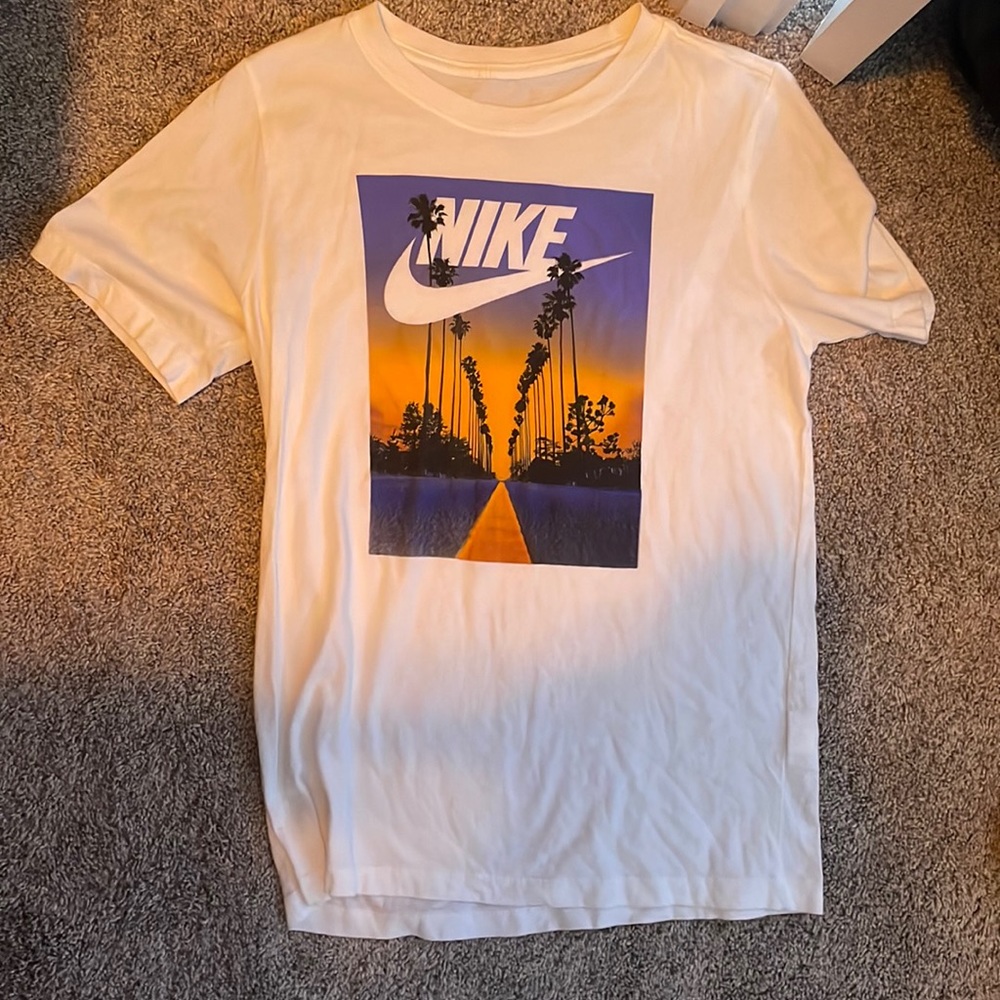 Nike boys shirt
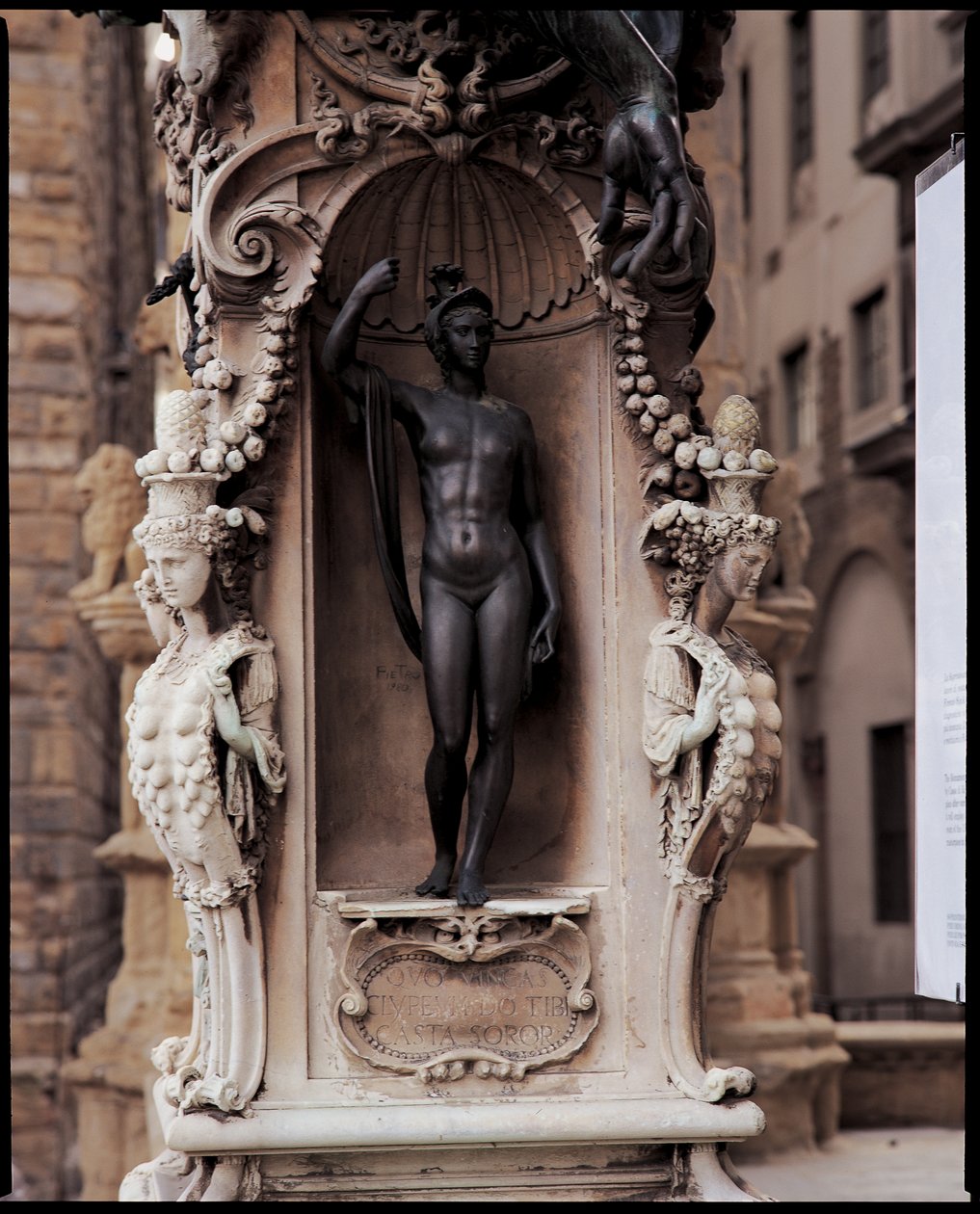 Yksityiskohta Minervasta, Perseuksen ja Medusan pään veistoksen pohjasta, 1545-55 pronssia tekijältä Benvenuto Cellini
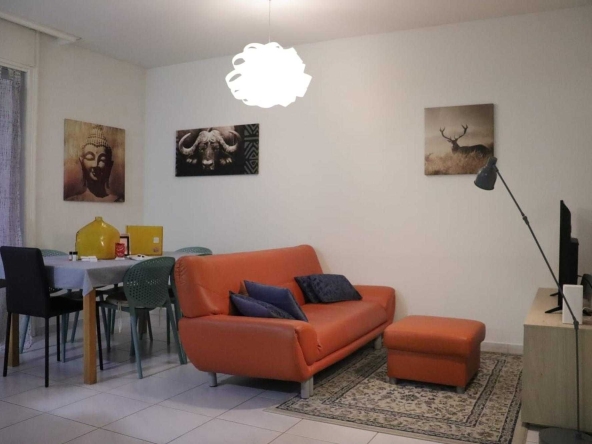 Дава се под наем Двустаен апартамент в София, Център - 64 кв.м за 382.5 € - Снимка #1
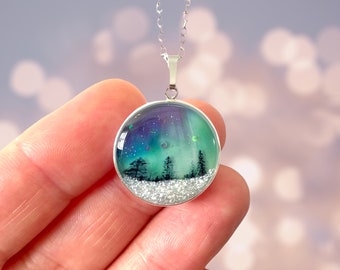 Northern lights necklace, northern lights pendant, aurora borealis, aurora borealis jewellery, northern lights jewellery, night sky necklace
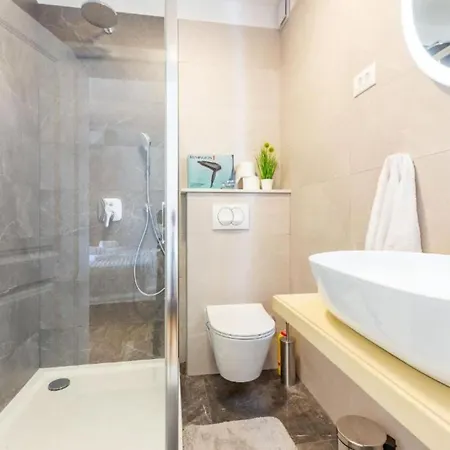 Apartament Peaceful Murvica Pool, Garden, And Modern Comfort - Two Bedroom With Private Pool *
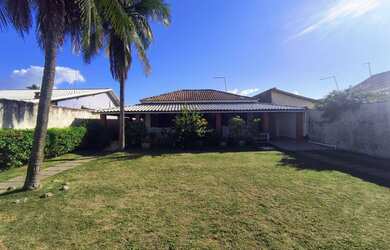 Imagem: A casa possui 7 Dormitórios, 5 Suítes, 5 Banheiros e 4 Vagas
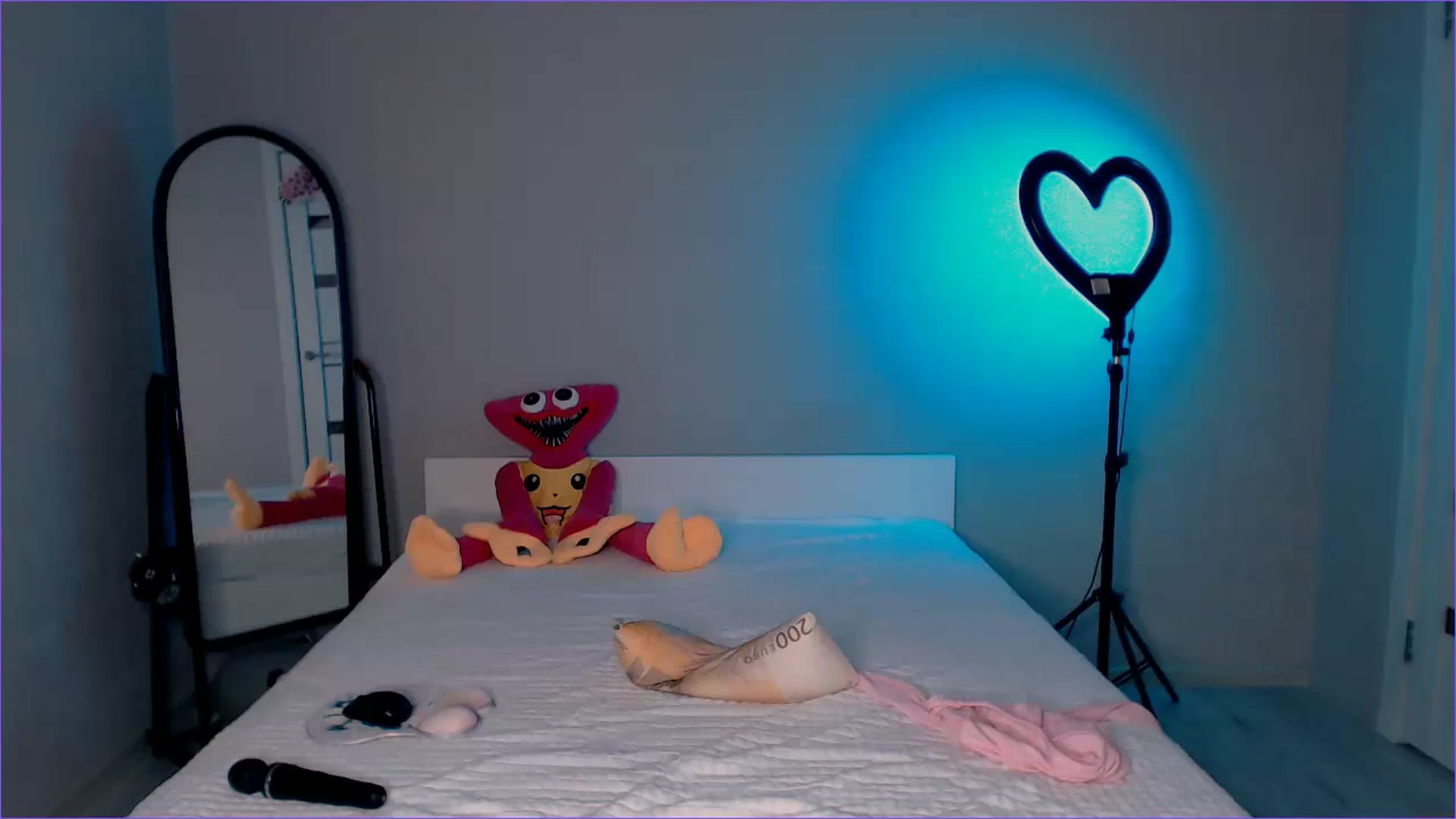 Gallery image thumbnail from TenderlyLolla's myfreecams stream on, 04/16/2024, 16:02 image 1 of 20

- _Exercise_: With every picture left out, print exactly the lines from the one containing "Yksityiskohta Minervasta, Perseuksen" through the final line of the material above.

- _Solution to this problem_:
 Yksityiskohta Minervasta, Perseuksen ja Medusan pään veistoksen pohjasta, 1545-55 pronssia tekijältä Benvenuto Cellini
 Дава се под наем Двустаен апартамент в София, Център - 64 кв.м за 382.5 € - Снимка #1
 Northern lights necklace, northern lights pendant, aurora borealis, aurora borealis jewellery, northern lights jewellery, night sky necklace
 Apartament Peaceful Murvica Pool, Garden, And Modern Comfort - Two Bedroom With Private Pool *
 Imagem: A casa possui 7 Dormitórios, 5 Suítes, 5 Banheiros e 4 Vagas
 Gallery image thumbnail from TenderlyLolla's myfreecams stream on, 04/16/2024, 16:02 image 1 of 20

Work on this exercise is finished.